Azure AI Content Understanding

raw JSON →
1.1.0 verified Sat May 09 auth: no python

Azure AI Content Understanding Python SDK (v1.1.0) from Microsoft. Provides client for analyzing and understanding content using Azure AI services. Supports synchronous and asynchronous analysis of documents, images, and text. Released on a monthly cadence.
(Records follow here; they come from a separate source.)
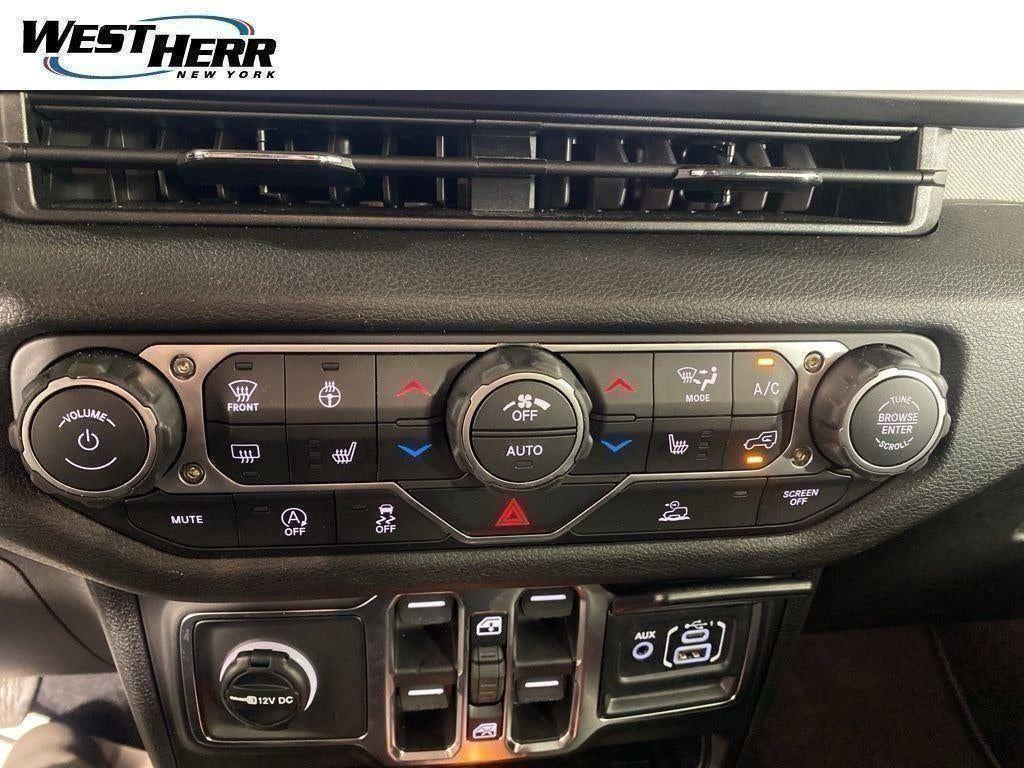 Used 2026 Bright White Clearcoat Jeep Sport S image 32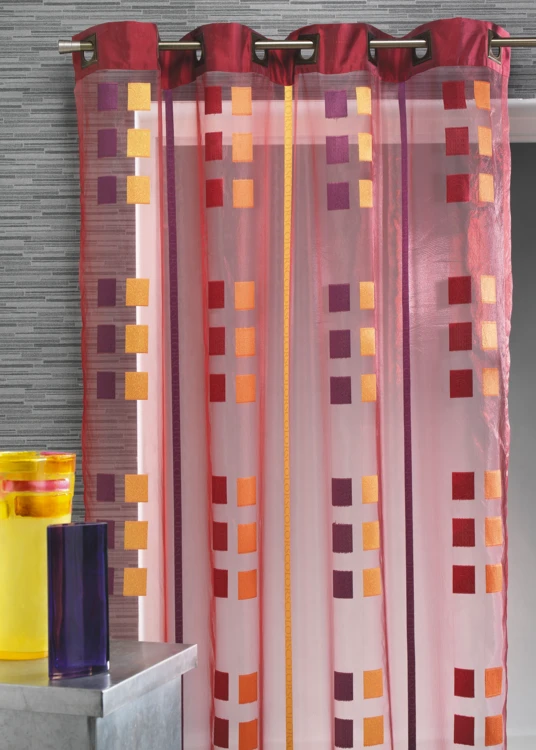 Visillo organza grandes cuadros y paramento tafetán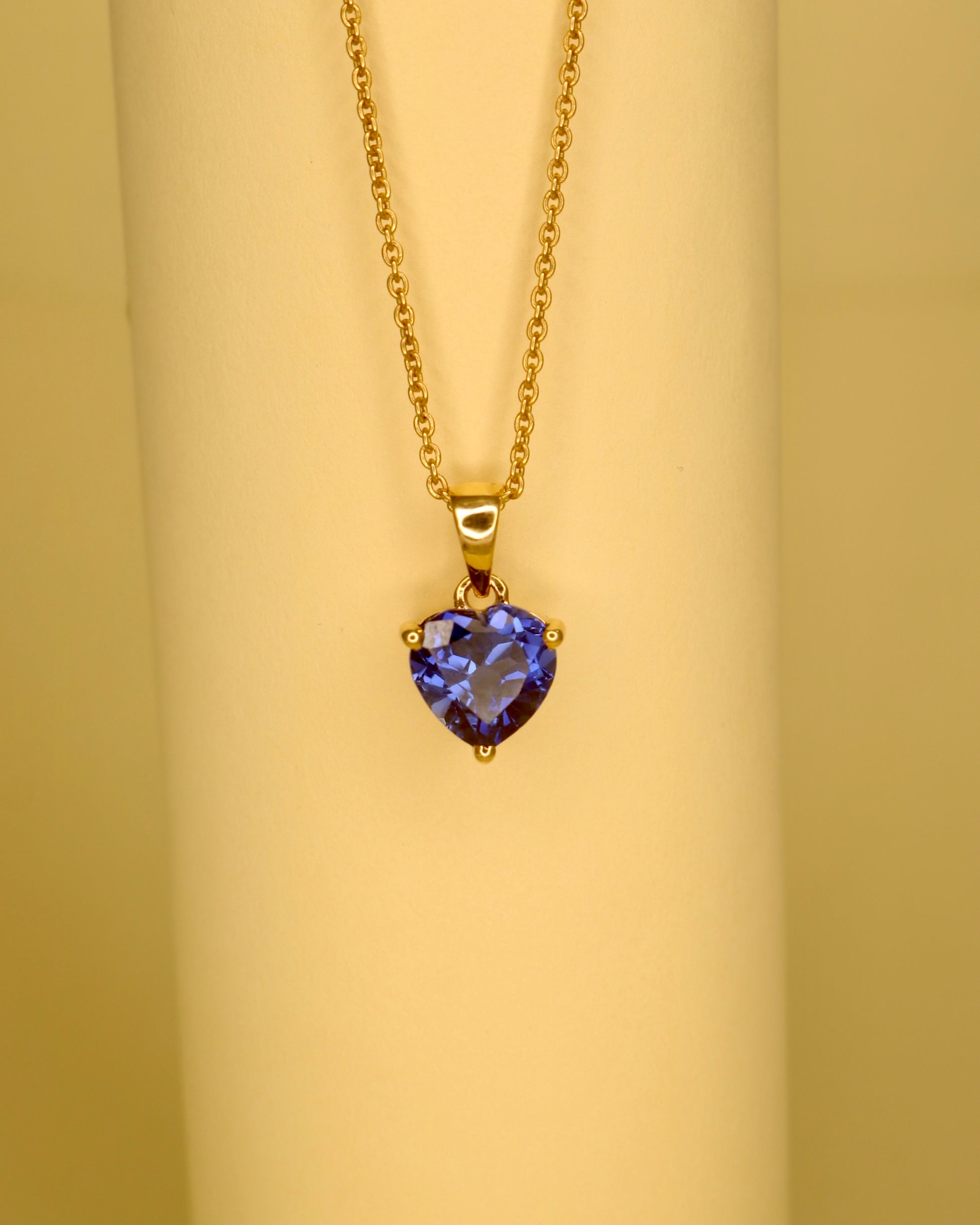 Quorynna Lab Diamond Pendant - Modern Grace - Fiona Diamonds - Fiona Diamonds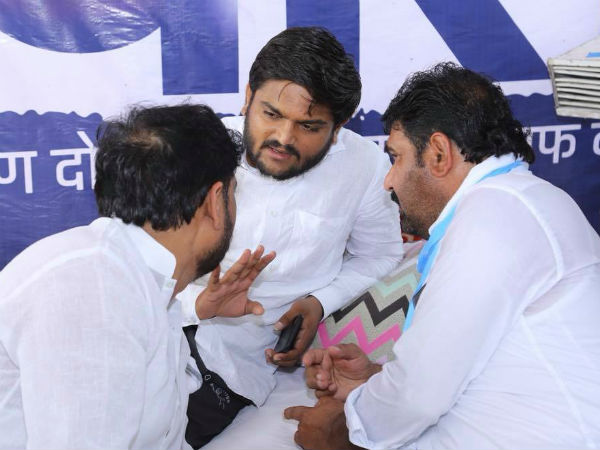 હાર્દિકના ઉપવાસને રાજકીય સ્ટંટમાં ખપાવવાનો ભાજપનો પ્રયાસ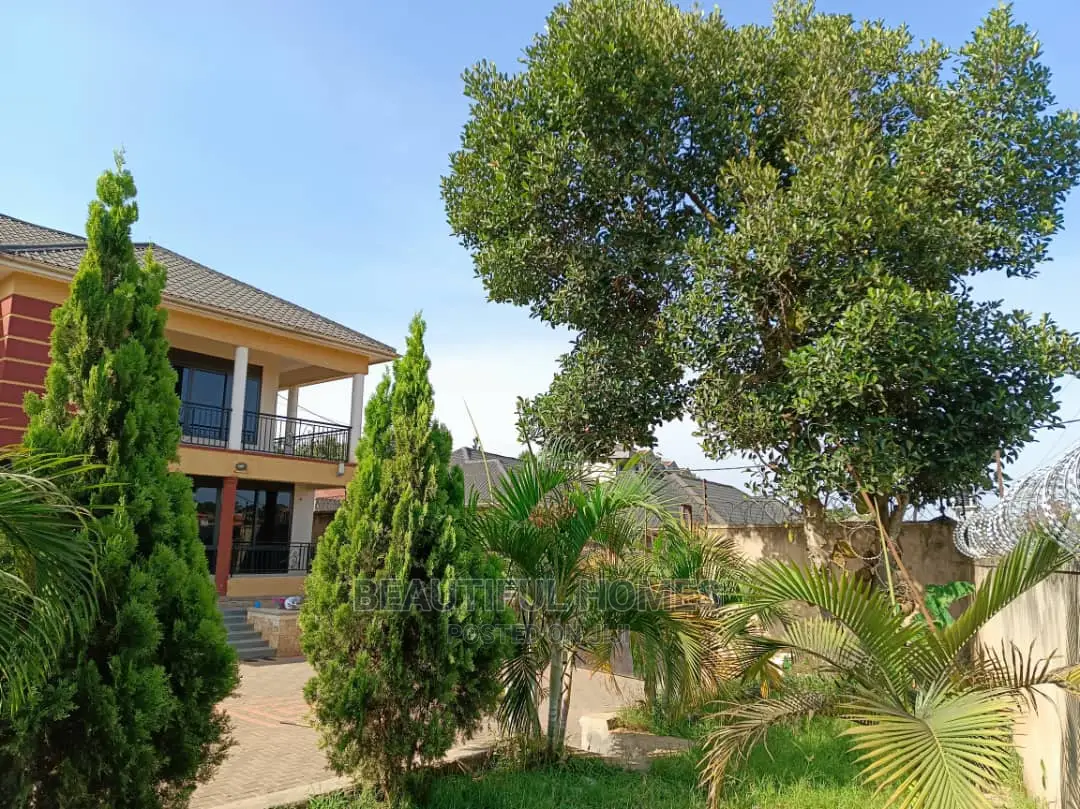 Furnished 5bdrm Duplex in Kira for Sale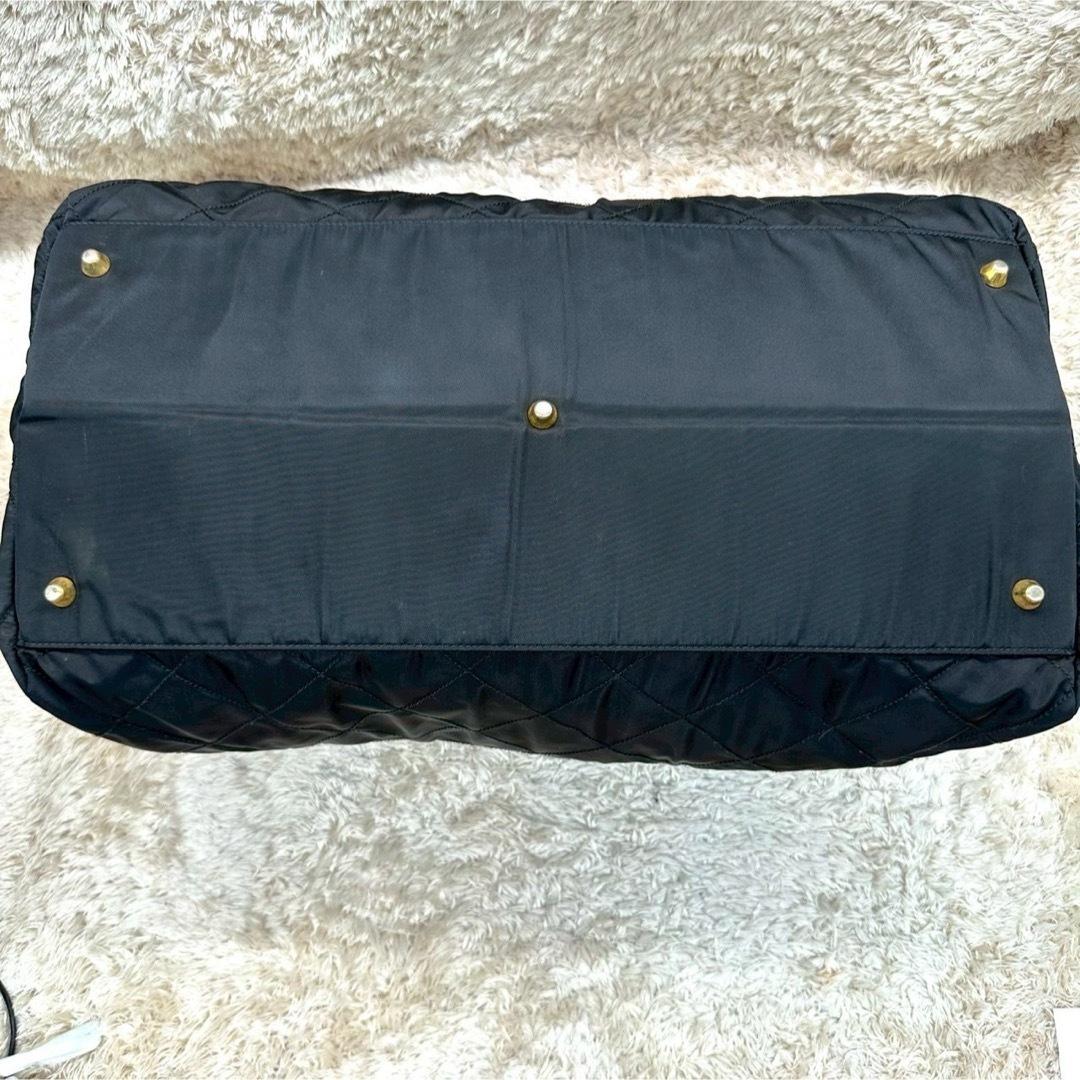 【美品】プラダ ボストンバッグ ブラック ナイロン キルティング 三角ロゴ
pip install azure-ai-contentunderstanding
error AttributeError: module 'azure.ai.contentunderstanding' has no attribute 'ContentUnderstandingClient'
cause Import path is wrong; ContentUnderstandingClient is in the top-level package but the module may not be installed correctly.
fix
Ensure you've installed azure-ai-contentunderstanding and import with: from azure.ai.contentunderstanding import ContentUnderstandingClient
error azure.core.exceptions.HttpResponseError: (InvalidRequest) 'content_type' is required for binary content
cause When passing binary data (e.g., BytesIO), AnalyzeOptions must specify content_type.
fix
Add content_type argument: AnalyzeOptions(content_type='application/pdf')
error azure.identity._exceptions.CredentialUnavailableError: DefaultAzureCredential failed to retrieve a token
cause DefaultAzureCredential requires environment variables or managed identity; none are set.
fix
Set AZURE_TENANT_ID, AZURE_CLIENT_ID, AZURE_CLIENT_SECRET or use AzureCliCredential()
breaking In v1.1.0, the parameter 'content_type' in AnalyzeOptions is required for binary input; omitting it causes a 400 error.
fix Always pass content_type='application/pdf' (or appropriate MIME) when providing binary data.
deprecated The method 'begin_analyze' was replaced by 'analyze' in v1.0.0; 'begin_analyze' no longer exists.
fix Use client.analyze() instead of client.begin_analyze().
gotcha DefaultAzureCredential requires environment variables AZURE_TENANT_ID, AZURE_CLIENT_ID, AZURE_CLIENT_SECRET to be set. If not, it raises CredentialUnavailableError.
fix Set the required environment variables or use a different credential class like AzureCliCredential.

Initializes client and analyzes a PDF document.

from azure.ai.contentunderstanding import ContentUnderstandingClient
from azure.ai.contentunderstanding.models import AnalyzeOptions
import os

endpoint = os.environ.get('AZURE_CONTENT_UNDERSTANDING_ENDPOINT', '')
credential = DefaultAzureCredential()

client = ContentUnderstandingClient(endpoint, credential)

# Analyze a document
with open('sample.pdf', 'rb') as f:
    result = client.analyze(f, AnalyzeOptions(content_type='application/pdf'))
print(result)